An AI startup founder is using an unusually large network of artificial intelligence agents to handle tasks across his working day, offering a glimpse into how business leaders could increasingly operate with teams of digital assistants rather than relying entirely on traditional software and human workflows.
The founder reportedly runs about 130 AI agents, each designed to perform specific tasks. Instead of relying on a single general-purpose chatbot, the system divides work among specialised agents that can handle different responsibilities.
The approach reflects a broader shift in the AI industry from systems that simply answer questions to autonomous agents capable of carrying out tasks, interacting with software and working toward defined objectives.

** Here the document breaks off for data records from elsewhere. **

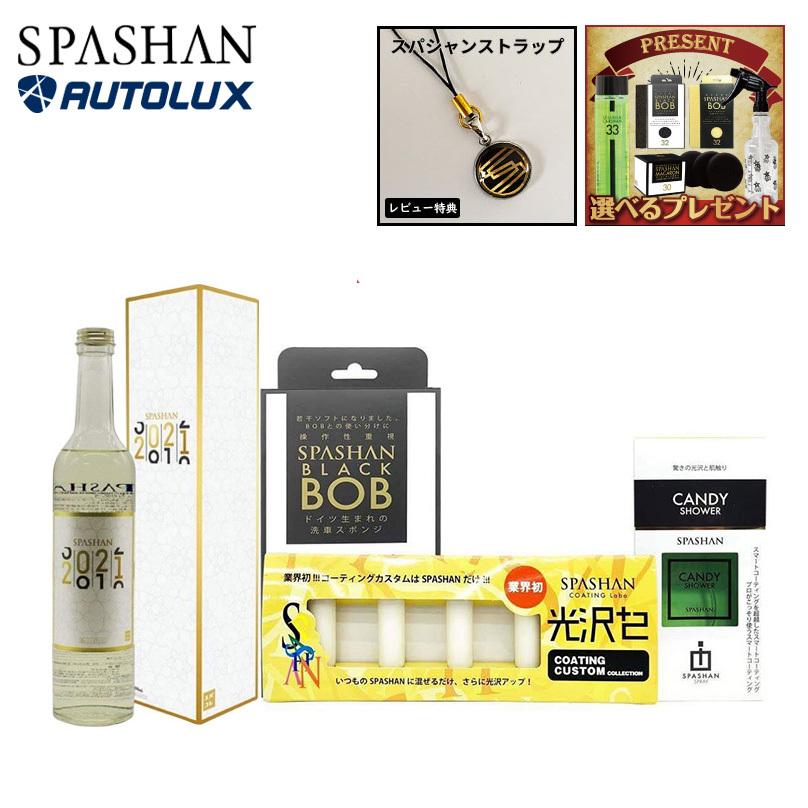 メーカー包装済 スパシャン 21 使い方 光沢 カスタム セット Spashan 新商品 ガラスコート剤 高級車 ガラスコーティング剤 業務用 最強 ボディーコーティング 洗車 おすすめ 正規激安 Bitcoinbro Smiledentalcare Net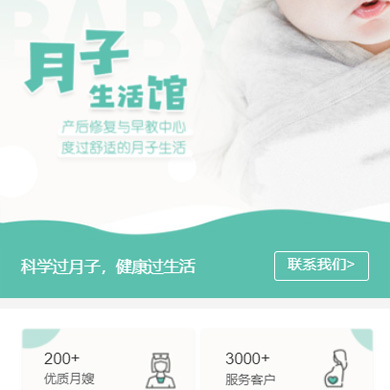 丰满月子生活馆门店小程序开发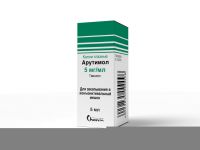 Арутимол 0.5% 5мл капли глазн. №1 фл.-кап. (ANKERPHARM GMBH)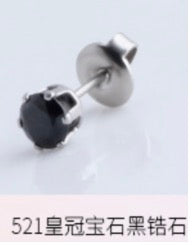 Ear piece
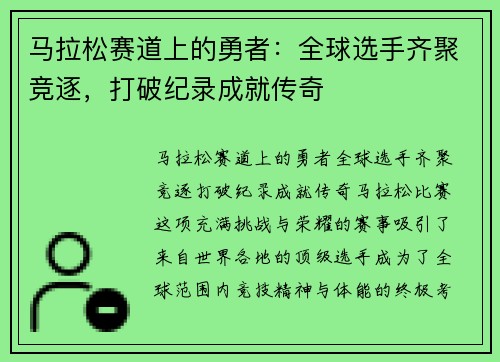 马拉松赛道上的勇者：全球选手齐聚竞逐，打破纪录成就传奇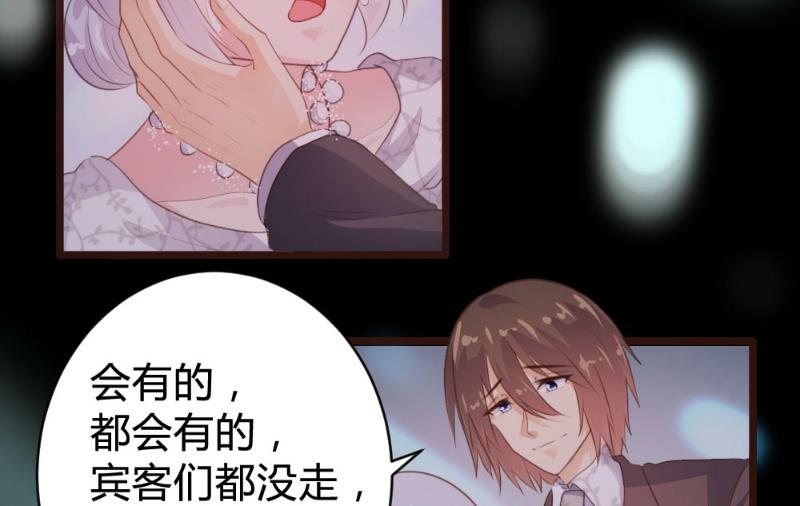 第100话(1/2)-第100话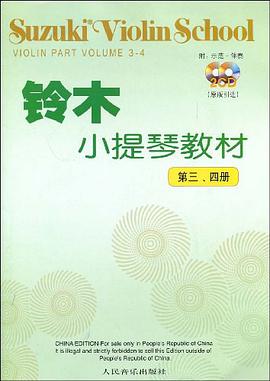 铃木小提琴教材-第三.四册-含CD2张 pdf epub mobi 电子书 下载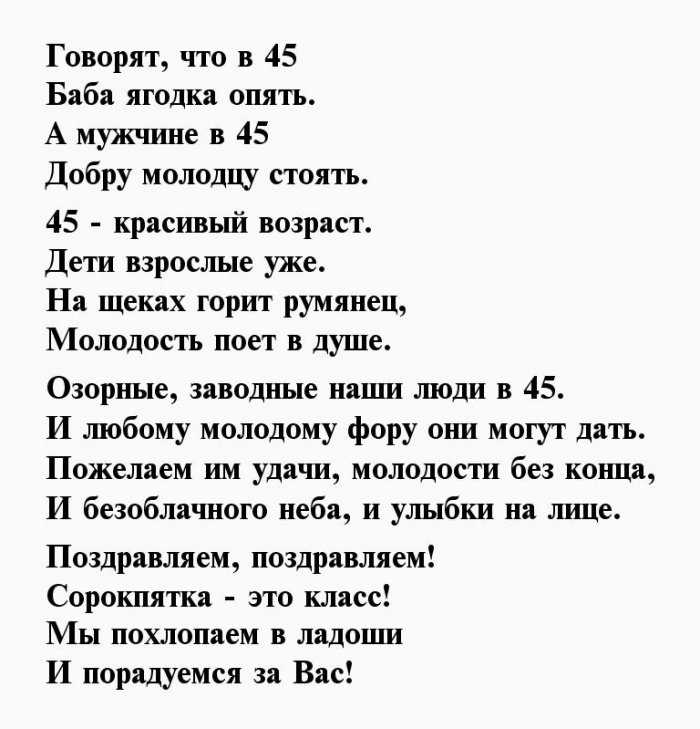 Поздравление с 45 летием мужчине с юмором короткие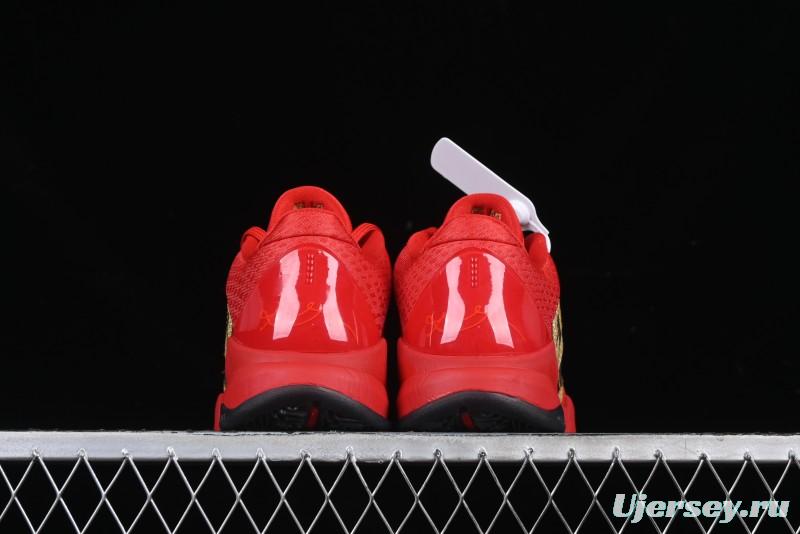 Nike Zoom Kobe V Protro Low-Top Basketball Shoes for Performance Play - HF5182-600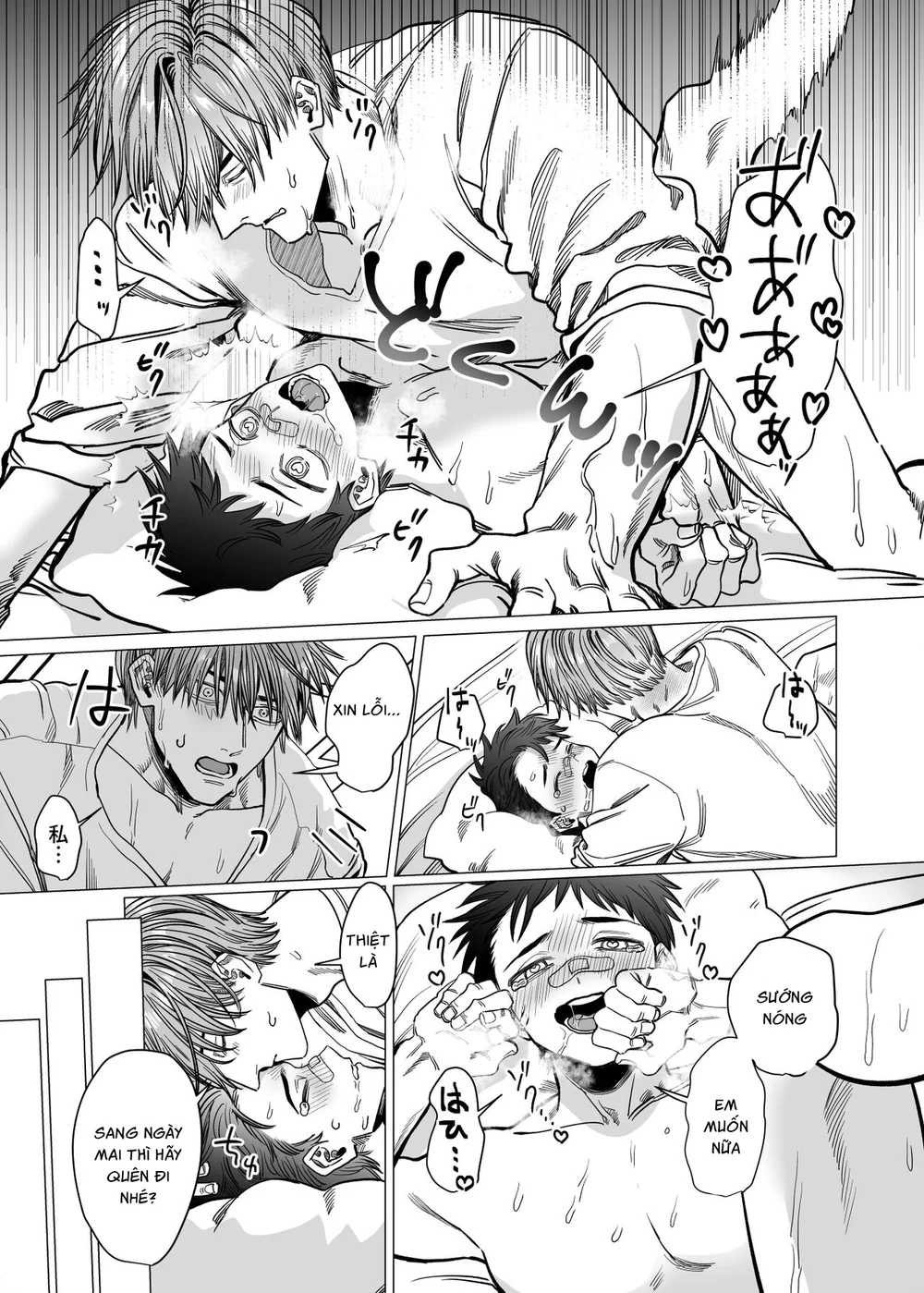 Đạo Tàn Bụ Chapter 67 Trang 22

AI agents can be assigned jobs such as analysing information, monitoring data, drafting communications, organising schedules or carrying out repetitive administrative work. When multiple agents are combined, they can effectively form a digital workforce operating across different parts of a business.
For a startup founder, such a system could reduce the amount of time spent on routine work and allow more attention to be directed toward strategy, product development and decision-making.
The model also demonstrates how quickly AI is changing the traditional concept of productivity. Instead of opening separate applications and manually completing individual tasks, a user can increasingly delegate work to AI systems and receive results after the agents complete their assignments.
However, operating a large number of autonomous agents introduces its own challenges.
Each agent requires instructions, access to relevant information and appropriate limits on what it can do. As the number of agents increases, keeping track of their activities and ensuring that they do not make costly mistakes becomes increasingly important.
Data security is another major concern. AI agents often need access to emails, documents, customer information, business systems and other sensitive material in order to perform useful work.
Giving dozens or hundreds of agents such access could create significant security and privacy risks if permissions are poorly managed.
The growing use of AI agents is already prompting businesses to develop systems for monitoring and governing digital workers. Companies are exploring ways to control what agents can access, record their actions and ensure that humans remain responsible for important decisions.
The founder’s 130-agent setup therefore represents both the promise and complexity of the emerging agentic-AI economy.
For advocates, the concept points toward a future in which a single entrepreneur could coordinate a large number of digital workers at a fraction of the cost of a traditional organisation. Routine tasks could be automated continuously, allowing small teams to compete with much larger companies.
But the technology also raises questions about reliability and accountability. An AI agent that makes a mistake can potentially spread that mistake into other systems if it is connected to a broader network of automated processes.
As businesses move from experimenting with individual AI tools to deploying networks of autonomous agents, the emphasis is likely to shift toward coordination, oversight and security.
The idea of one person managing more than 100 AI agents may still sound unusual. Yet it illustrates a broader trend: AI is moving beyond being a tool that workers consult and toward becoming a digital workforce that can be assigned, supervised and evaluated.
If the technology continues to improve, the ability to manage AI agents effectively could become a valuable business skill in its own right.
The startup founder’s experiment offers an early example of what that future might look like — one where the size of a company is measured not only by its human employees, but also by the number and capabilities of its digital workers.